Throw some of these down there:
http://www.linksys.com/products/group.asp?grid=34&scid=32
http://h10010.www1.hp.com/wwpc/us/en/sm/WF02a/18972-236253-64302.html

I favor the JetDirects.  You can print to each printer by IP address.

>"Our infrastructure will consist of numerous branches with only a few users at each office.  Ultimately how can they refer back to our main branch here for all of their resources i.e. printers at their location?"

Hehe.. (sorry, this is too fun.)  You can use HP's JetAdmin to remotely configure the JetDirects.  All you need to do is get someone to plug them into power, the printer and the switch at that end.  You can manage the router and teh JetDirects remotely.

>"Ultimately how can they refer back to our main branch here for all of their resources i.e. printers at their location?  Also, why wouldn't this person be able to see our Intranet anymore.  They can ping the address of the Intranet, but they can't ping the name of the Intranet."

How is your connection set up, is it a VPN tunnel?  I guess the key is how do you have DNS configured at the workstations at the other end?  The Default Gateway on each PC should be the router and the firts DNS server listed should be the DNS server at your main office.  
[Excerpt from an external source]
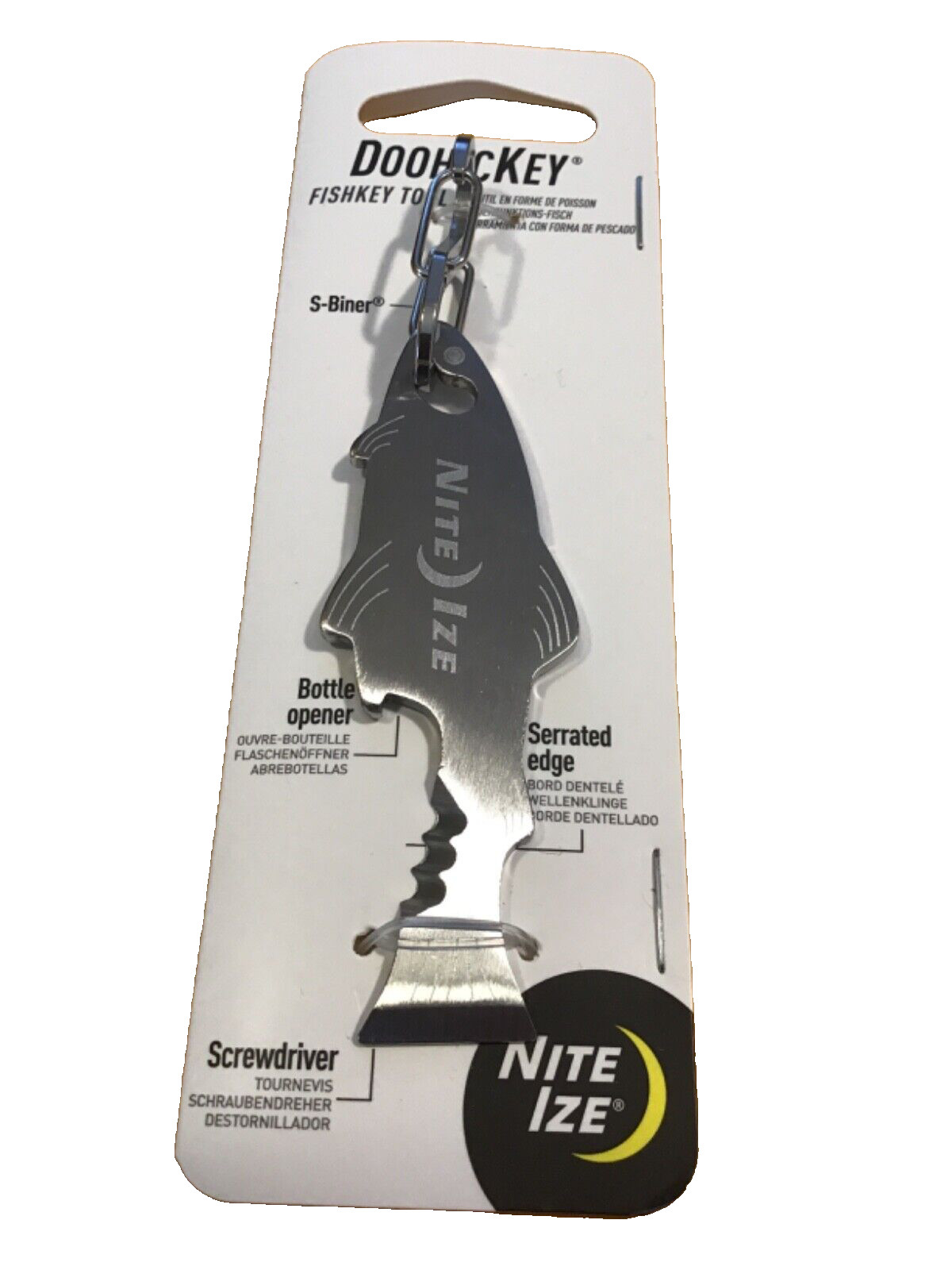 NEW Nite Ize Stainless Steel Multi Tool With Screwdriver and keychain Snap Clip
Need any clarification?  MSGeek.

Author

Commented:
Do the printers have to be HP in order to use HP's JetAdmin?  

DNS is configured on these workstations at the other by having our two external DNS addresses.  I have since learned they need to be the IP Address of our main DC.  A lot of users have laptops, so they connect here and at home.  How can DNS be set up to dynamically use our IP address of the main DC and then use whatever means necessary at home dynamically.

Commented:
>"Do the printers have to be HP in order to use HP's JetAdmin? "

Not at all.

>"How can DNS be set up to dynamically use our IP address of the main DC and then use whatever means necessary at home dynamically"

Set your DNS as primary in DHCP and oustide DNS servers as secondaries.